▶ [MATERIAL PROVIDED]
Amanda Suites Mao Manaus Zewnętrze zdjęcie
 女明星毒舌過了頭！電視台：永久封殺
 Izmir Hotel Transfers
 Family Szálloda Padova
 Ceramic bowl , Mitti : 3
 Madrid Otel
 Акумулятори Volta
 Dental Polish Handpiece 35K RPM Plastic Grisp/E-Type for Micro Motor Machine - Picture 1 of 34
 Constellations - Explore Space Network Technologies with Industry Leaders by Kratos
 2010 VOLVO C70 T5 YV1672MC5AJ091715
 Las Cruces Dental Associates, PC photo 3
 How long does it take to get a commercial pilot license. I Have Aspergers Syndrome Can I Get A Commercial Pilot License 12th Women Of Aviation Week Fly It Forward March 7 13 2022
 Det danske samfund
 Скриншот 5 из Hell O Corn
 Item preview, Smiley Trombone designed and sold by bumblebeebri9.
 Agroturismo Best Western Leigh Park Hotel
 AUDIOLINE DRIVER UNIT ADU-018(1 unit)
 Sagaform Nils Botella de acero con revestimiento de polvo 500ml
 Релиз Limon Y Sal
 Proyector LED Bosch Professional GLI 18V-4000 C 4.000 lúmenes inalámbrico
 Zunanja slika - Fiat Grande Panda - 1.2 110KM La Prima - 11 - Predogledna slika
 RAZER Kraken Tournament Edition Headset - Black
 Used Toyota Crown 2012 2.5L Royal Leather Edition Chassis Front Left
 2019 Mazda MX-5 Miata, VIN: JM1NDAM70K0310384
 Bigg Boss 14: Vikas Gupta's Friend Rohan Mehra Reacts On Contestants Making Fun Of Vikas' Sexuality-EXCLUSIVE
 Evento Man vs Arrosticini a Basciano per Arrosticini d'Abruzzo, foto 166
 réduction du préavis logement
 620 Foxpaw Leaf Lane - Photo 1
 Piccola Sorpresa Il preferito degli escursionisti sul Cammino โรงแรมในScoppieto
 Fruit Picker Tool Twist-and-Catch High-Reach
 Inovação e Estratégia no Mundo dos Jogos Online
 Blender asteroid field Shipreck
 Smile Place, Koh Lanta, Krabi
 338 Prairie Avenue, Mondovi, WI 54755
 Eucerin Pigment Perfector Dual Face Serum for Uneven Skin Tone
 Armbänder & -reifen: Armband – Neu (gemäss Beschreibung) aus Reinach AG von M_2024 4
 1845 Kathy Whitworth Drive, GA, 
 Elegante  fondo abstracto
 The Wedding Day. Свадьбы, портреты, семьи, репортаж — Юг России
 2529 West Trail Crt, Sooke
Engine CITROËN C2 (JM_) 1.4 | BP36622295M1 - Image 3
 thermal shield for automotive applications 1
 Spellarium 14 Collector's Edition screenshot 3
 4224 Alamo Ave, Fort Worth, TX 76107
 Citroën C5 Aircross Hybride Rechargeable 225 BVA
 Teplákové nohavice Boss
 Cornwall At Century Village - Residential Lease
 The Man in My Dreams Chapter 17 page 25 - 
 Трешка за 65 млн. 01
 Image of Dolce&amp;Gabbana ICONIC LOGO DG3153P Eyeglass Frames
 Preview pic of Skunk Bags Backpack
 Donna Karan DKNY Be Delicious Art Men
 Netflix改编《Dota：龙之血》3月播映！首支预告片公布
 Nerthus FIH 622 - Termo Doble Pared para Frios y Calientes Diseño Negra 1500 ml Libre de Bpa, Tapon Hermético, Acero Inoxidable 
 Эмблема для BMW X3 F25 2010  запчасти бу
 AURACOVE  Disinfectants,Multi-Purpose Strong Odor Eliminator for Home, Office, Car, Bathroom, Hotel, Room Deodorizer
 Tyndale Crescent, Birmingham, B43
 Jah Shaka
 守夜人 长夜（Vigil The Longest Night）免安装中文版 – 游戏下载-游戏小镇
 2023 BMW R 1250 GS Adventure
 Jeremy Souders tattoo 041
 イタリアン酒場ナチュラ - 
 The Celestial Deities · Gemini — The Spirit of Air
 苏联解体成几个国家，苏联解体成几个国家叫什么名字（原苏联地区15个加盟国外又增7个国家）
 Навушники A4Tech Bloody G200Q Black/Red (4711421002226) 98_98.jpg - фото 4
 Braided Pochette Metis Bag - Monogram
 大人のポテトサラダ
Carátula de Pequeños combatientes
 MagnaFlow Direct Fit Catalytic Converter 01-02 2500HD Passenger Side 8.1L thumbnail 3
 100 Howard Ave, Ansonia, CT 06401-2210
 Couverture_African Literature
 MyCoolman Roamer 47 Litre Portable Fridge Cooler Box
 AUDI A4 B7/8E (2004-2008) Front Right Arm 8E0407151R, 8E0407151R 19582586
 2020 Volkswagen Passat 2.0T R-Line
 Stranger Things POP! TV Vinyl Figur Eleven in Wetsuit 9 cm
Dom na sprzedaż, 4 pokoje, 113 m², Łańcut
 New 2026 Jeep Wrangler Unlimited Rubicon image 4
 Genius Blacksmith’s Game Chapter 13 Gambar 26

▶ [YOUR ASSIGNMENT] Every record above must be set down again, word for word.

▶ [WRITTEN SOLUTION]
Amanda Suites Mao Manaus Zewnętrze zdjęcie
 女明星毒舌過了頭！電視台：永久封殺
 Izmir Hotel Transfers
 Family Szálloda Padova
 Ceramic bowl , Mitti : 3
 Madrid Otel
 Акумулятори Volta
 Dental Polish Handpiece 35K RPM Plastic Grisp/E-Type for Micro Motor Machine - Picture 1 of 34
 Constellations - Explore Space Network Technologies with Industry Leaders by Kratos
 2010 VOLVO C70 T5 YV1672MC5AJ091715
 Las Cruces Dental Associates, PC photo 3
 How long does it take to get a commercial pilot license. I Have Aspergers Syndrome Can I Get A Commercial Pilot License 12th Women Of Aviation Week Fly It Forward March 7 13 2022
 Det danske samfund
 Скриншот 5 из Hell O Corn
 Item preview, Smiley Trombone designed and sold by bumblebeebri9.
 Agroturismo Best Western Leigh Park Hotel
 AUDIOLINE DRIVER UNIT ADU-018(1 unit)
 Sagaform Nils Botella de acero con revestimiento de polvo 500ml
 Релиз Limon Y Sal
 Proyector LED Bosch Professional GLI 18V-4000 C 4.000 lúmenes inalámbrico
 Zunanja slika - Fiat Grande Panda - 1.2 110KM La Prima - 11 - Predogledna slika
 RAZER Kraken Tournament Edition Headset - Black
 Used Toyota Crown 2012 2.5L Royal Leather Edition Chassis Front Left
 2019 Mazda MX-5 Miata, VIN: JM1NDAM70K0310384
 Bigg Boss 14: Vikas Gupta's Friend Rohan Mehra Reacts On Contestants Making Fun Of Vikas' Sexuality-EXCLUSIVE
 Evento Man vs Arrosticini a Basciano per Arrosticini d'Abruzzo, foto 166
 réduction du préavis logement
 620 Foxpaw Leaf Lane - Photo 1
 Piccola Sorpresa Il preferito degli escursionisti sul Cammino โรงแรมในScoppieto
 Fruit Picker Tool Twist-and-Catch High-Reach
 Inovação e Estratégia no Mundo dos Jogos Online
 Blender asteroid field Shipreck
 Smile Place, Koh Lanta, Krabi
 338 Prairie Avenue, Mondovi, WI 54755
 Eucerin Pigment Perfector Dual Face Serum for Uneven Skin Tone
 Armbänder & -reifen: Armband – Neu (gemäss Beschreibung) aus Reinach AG von M_2024 4
 1845 Kathy Whitworth Drive, GA, 
 Elegante  fondo abstracto
 The Wedding Day. Свадьбы, портреты, семьи, репортаж — Юг России
 2529 West Trail Crt, Sooke
Engine CITROËN C2 (JM_) 1.4 | BP36622295M1 - Image 3
 thermal shield for automotive applications 1
 Spellarium 14 Collector's Edition screenshot 3
 4224 Alamo Ave, Fort Worth, TX 76107
 Citroën C5 Aircross Hybride Rechargeable 225 BVA
 Teplákové nohavice Boss
 Cornwall At Century Village - Residential Lease
 The Man in My Dreams Chapter 17 page 25 - 
 Трешка за 65 млн. 01
 Image of Dolce&amp;Gabbana ICONIC LOGO DG3153P Eyeglass Frames
 Preview pic of Skunk Bags Backpack
 Donna Karan DKNY Be Delicious Art Men
 Netflix改编《Dota：龙之血》3月播映！首支预告片公布
 Nerthus FIH 622 - Termo Doble Pared para Frios y Calientes Diseño Negra 1500 ml Libre de Bpa, Tapon Hermético, Acero Inoxidable 
 Эмблема для BMW X3 F25 2010  запчасти бу
 AURACOVE  Disinfectants,Multi-Purpose Strong Odor Eliminator for Home, Office, Car, Bathroom, Hotel, Room Deodorizer
 Tyndale Crescent, Birmingham, B43
 Jah Shaka
 守夜人 长夜（Vigil The Longest Night）免安装中文版 – 游戏下载-游戏小镇
 2023 BMW R 1250 GS Adventure
 Jeremy Souders tattoo 041
 イタリアン酒場ナチュラ - 
 The Celestial Deities · Gemini — The Spirit of Air
 苏联解体成几个国家，苏联解体成几个国家叫什么名字（原苏联地区15个加盟国外又增7个国家）
 Навушники A4Tech Bloody G200Q Black/Red (4711421002226) 98_98.jpg - фото 4
 Braided Pochette Metis Bag - Monogram
 大人のポテトサラダ
Carátula de Pequeños combatientes
 MagnaFlow Direct Fit Catalytic Converter 01-02 2500HD Passenger Side 8.1L thumbnail 3
 100 Howard Ave, Ansonia, CT 06401-2210
 Couverture_African Literature
 MyCoolman Roamer 47 Litre Portable Fridge Cooler Box
 AUDI A4 B7/8E (2004-2008) Front Right Arm 8E0407151R, 8E0407151R 19582586
 2020 Volkswagen Passat 2.0T R-Line
 Stranger Things POP! TV Vinyl Figur Eleven in Wetsuit 9 cm
Dom na sprzedaż, 4 pokoje, 113 m², Łańcut
 New 2026 Jeep Wrangler Unlimited Rubicon image 4
 Genius Blacksmith’s Game Chapter 13 Gambar 26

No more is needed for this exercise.